## Task statement
After locating the line with "BMW 530 e Pack 50 anos M - 30", reproduce it and all following lines of the listing below exactly, stopping only at the final line.

The data Start Marker

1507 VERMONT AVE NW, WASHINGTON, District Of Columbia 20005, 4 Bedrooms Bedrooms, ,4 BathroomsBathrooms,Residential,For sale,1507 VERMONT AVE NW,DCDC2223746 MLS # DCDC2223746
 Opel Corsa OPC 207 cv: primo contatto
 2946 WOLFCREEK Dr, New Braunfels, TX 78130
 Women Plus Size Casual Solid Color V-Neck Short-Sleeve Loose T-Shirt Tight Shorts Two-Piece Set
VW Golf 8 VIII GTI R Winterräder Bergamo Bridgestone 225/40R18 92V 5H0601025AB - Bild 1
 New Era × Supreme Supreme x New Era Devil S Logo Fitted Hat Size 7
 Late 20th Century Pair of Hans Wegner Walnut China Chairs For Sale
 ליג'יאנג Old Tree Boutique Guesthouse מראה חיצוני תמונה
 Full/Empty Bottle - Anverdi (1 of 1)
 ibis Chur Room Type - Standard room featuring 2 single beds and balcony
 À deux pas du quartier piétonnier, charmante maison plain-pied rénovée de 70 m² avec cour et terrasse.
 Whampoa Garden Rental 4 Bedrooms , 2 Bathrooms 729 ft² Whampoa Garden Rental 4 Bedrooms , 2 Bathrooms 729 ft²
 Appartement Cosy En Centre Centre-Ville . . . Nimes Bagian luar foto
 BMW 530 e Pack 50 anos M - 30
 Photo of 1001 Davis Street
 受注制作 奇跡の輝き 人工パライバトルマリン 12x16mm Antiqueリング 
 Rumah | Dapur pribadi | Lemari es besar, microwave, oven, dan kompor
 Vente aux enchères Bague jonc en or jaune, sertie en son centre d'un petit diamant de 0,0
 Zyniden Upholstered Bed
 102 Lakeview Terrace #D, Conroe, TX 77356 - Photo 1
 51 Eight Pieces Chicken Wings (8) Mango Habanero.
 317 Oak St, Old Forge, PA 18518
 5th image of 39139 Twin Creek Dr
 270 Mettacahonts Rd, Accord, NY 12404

The data End Marker

## Response to the exercise
 BMW 530 e Pack 50 anos M - 30
 Photo of 1001 Davis Street
 受注制作 奇跡の輝き 人工パライバトルマリン 12x16mm Antiqueリング 
 Rumah | Dapur pribadi | Lemari es besar, microwave, oven, dan kompor
 Vente aux enchères Bague jonc en or jaune, sertie en son centre d'un petit diamant de 0,0
 Zyniden Upholstered Bed
 102 Lakeview Terrace #D, Conroe, TX 77356 - Photo 1
 51 Eight Pieces Chicken Wings (8) Mango Habanero.
 317 Oak St, Old Forge, PA 18518
 5th image of 39139 Twin Creek Dr
 270 Mettacahonts Rd, Accord, NY 12404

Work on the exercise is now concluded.